Для таких случав у них с Саней было все под рукой: антисептик, обезболивающее, иглы, пинцеты и антибиотики. Не было только воды. Костя сказал Сане:
— Выйди из машины и смотри в оба, я сейчас. Рожок не забудь поменять.
— Ах, да! — хлопнул себя по лбу Сашка и схватился за автомат.
Игорь Божко совсем стал зеленым и дышал, как стайер после дистанции. Завета, дала ему понюхать нашатыря.
Костя помнил, что где-то здесь был небольшой гастроном, в котором они с Сашкой как-то брали неплохой коньяк, и уже выскакивая из машины, ощутил жаркий взгляд Заветы. Ерунда, так не бывает, подумал он, рядом с ней такой джигит, и тут же забыл о ее глазах, потому что где-то в районе городского парка ударил крупнокалиберный пулемет: 'Ту-ту-ту… ту-ту-ту…', и только потом стало слышно натужный звук натовского транспортника С-5А. Он полз, едва не задевая брюхом за телевизионные вышки, крался почти над терриконами, отстреливая тепловые ракеты-ловушки и заходя на посадку.
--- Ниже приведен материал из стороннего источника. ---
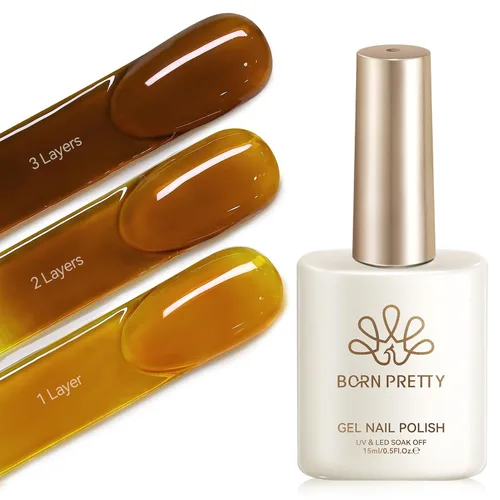 Vista 22 de Born Pretty - Esmalte de gel blanco lechoso, color blanco gelatina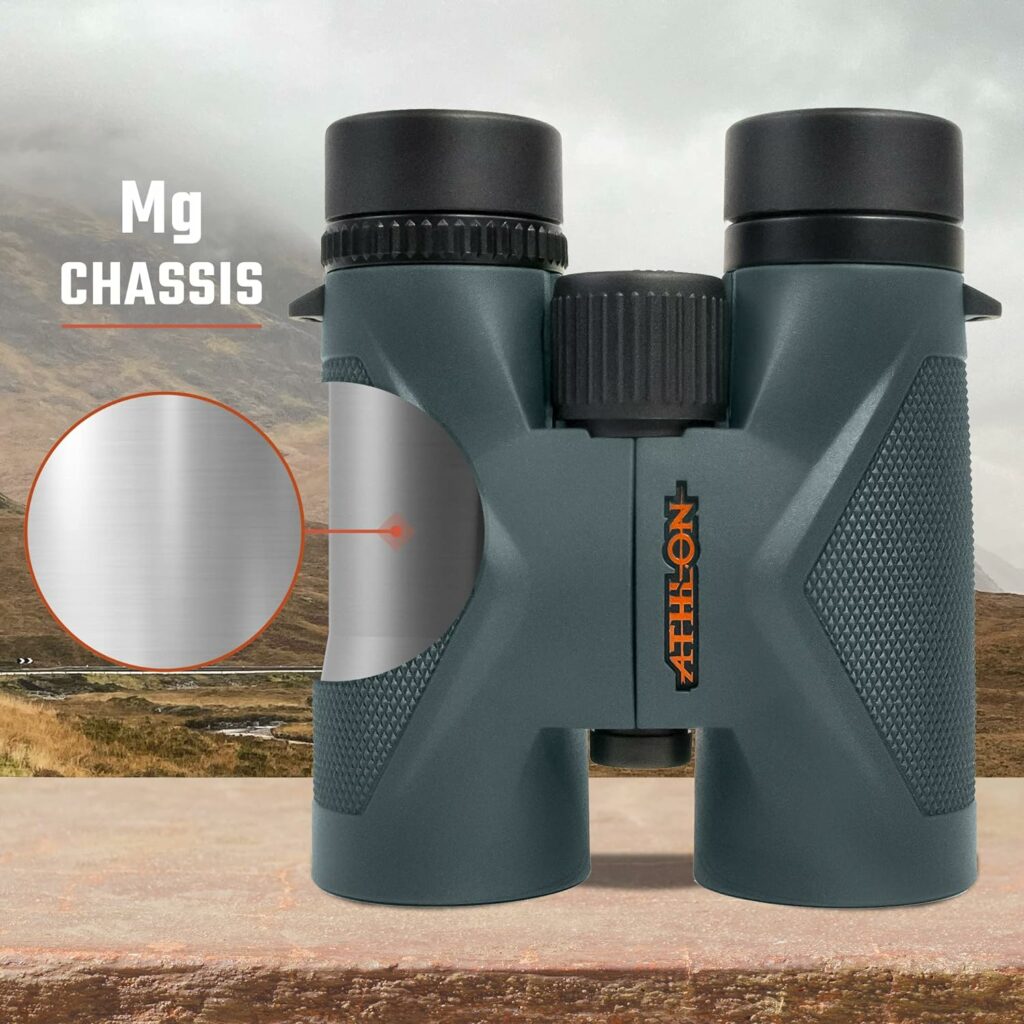Amazon.com : Athlon Optics 8x42 Midas UHD Gray Binoculars with ED Glass for Adults and Kids, High-Powered Binoculars for Hunting, Birdwatching, and More : Electronics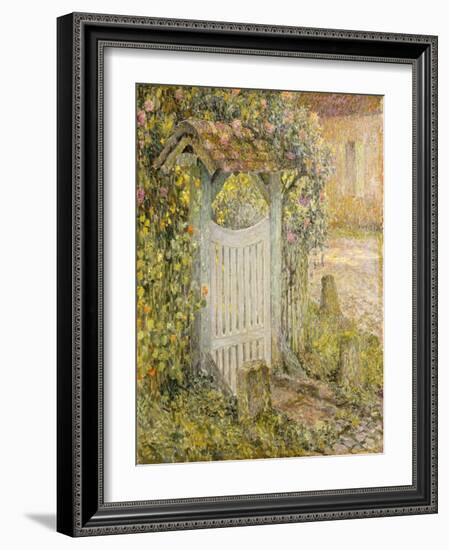 Le Pothuis, Gerberoy, 1927-Henri Eugene Augustin Le Sidaner-Framed Giclee Print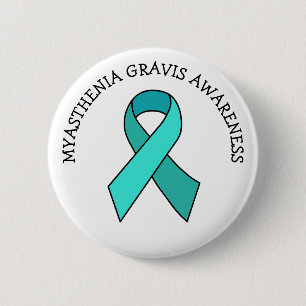 Myasthenia Gravis Awareness Ribbon 6 Cm Round Badge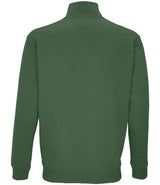 SOL'S Unisex Conrad 1/4 Zip Sweatshirt | Bottle Green thumbnail 2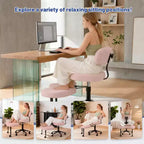 Sedia Ergonomica da Meditazione e Ufficio a Gambe Incrociate - Girevole a 360°, Altezza Regolabile, Seduta Multipoasitione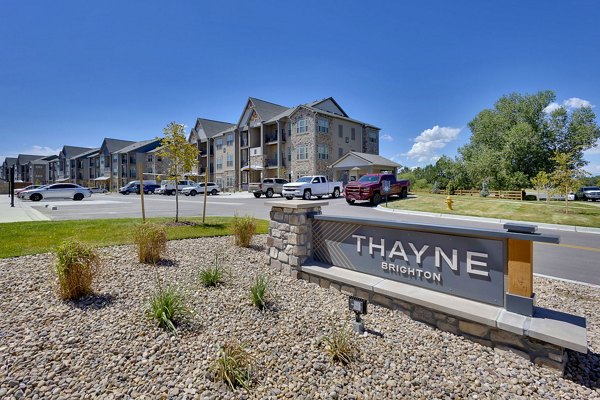 exterior at Thayne Apartments 
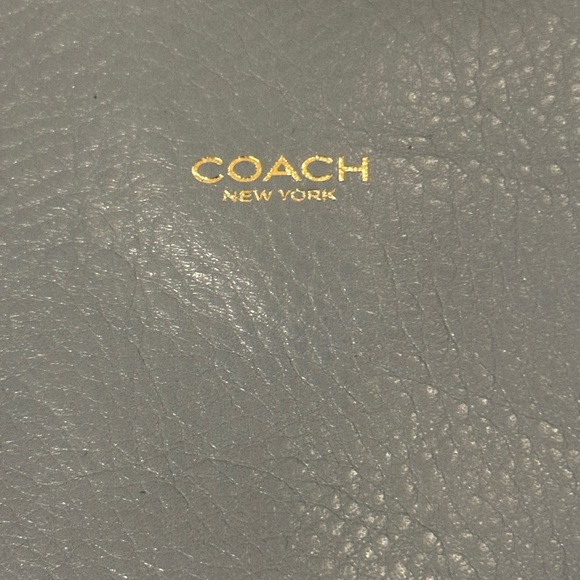 NWOT Coach Dusty Blue Leather Tote - Picture 3 of 12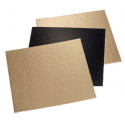Carré carton or/noir 14 à 22 cm – paquet de 100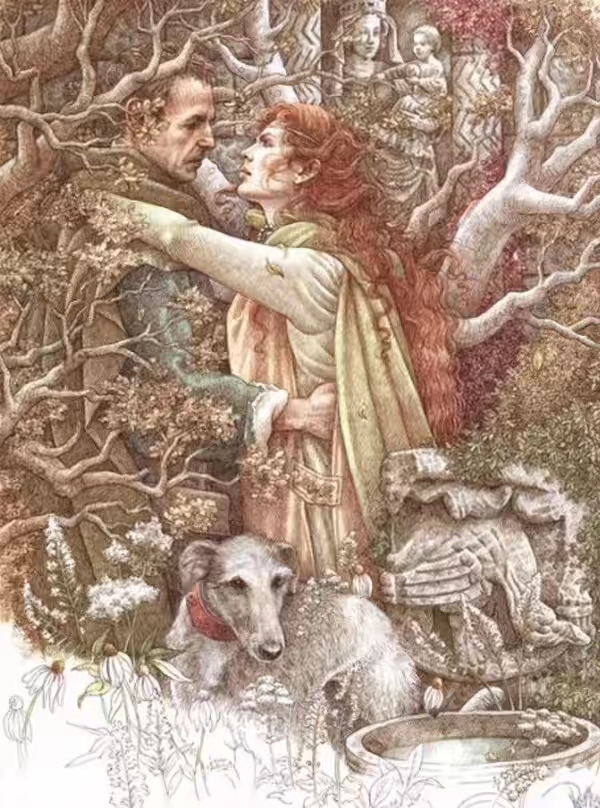 画家‖伊芳·吉伯(yvonne gilbert)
Два дня назад один такой сбили российской 'иглой'. Но эти 'иглы' были большой редкостью. У повстанцах их почти не было.
На Косте под джинсовой курткой в петле висел пистолет. Костя достал его, посмотрел, сколько осталось патронов в обойме, зарядил и сунул назад. Куртку на всякий случай он застегивать не стал и при каждом шаге чувствовал под мышкой колышущуюся тяжесть. Впрочем, он уже убедился, что не может выстрелить в человека, хотя пистолет придавал ему чувство безопасности. Он вспомнил о насильнике и подумал, что Игорь поступил с ним очень жестоко. Лично я просто убил бы, решил он мужественно. Потом поймал себя на том, что все время думает, как будет зашивать рану, и понял, что нервничает.
Город казался провинциальным и очень уютным. Наверное, такое ощущение создавали клены, образующие зеленую арку над дорогой, и дома образца пятидесятых — пятиэтажные, желтого цвета, даже с какими-то украшениями на фасадах. Должно быть, их еще пленные немцы строили, решил Костя. Он выглянул из-за угла и невольно отшатнулся. Общежития университета на улице Розы Люксембург были оцеплены военными. Он разглядел армейские грузовики и все понял. Каким-то образом турки все же прорвались в центр города к университетскими общежитиям и хватали местных студенток, чтобы увезти в Турцию. Однако, похоже, они грузили и молодых мужчин приятной наружности, потому что слышались крики и мат. Косте показалось, что операцией руководит Каюров. Нет, не может быть, подумал Костя. Ведь Игорь его убил.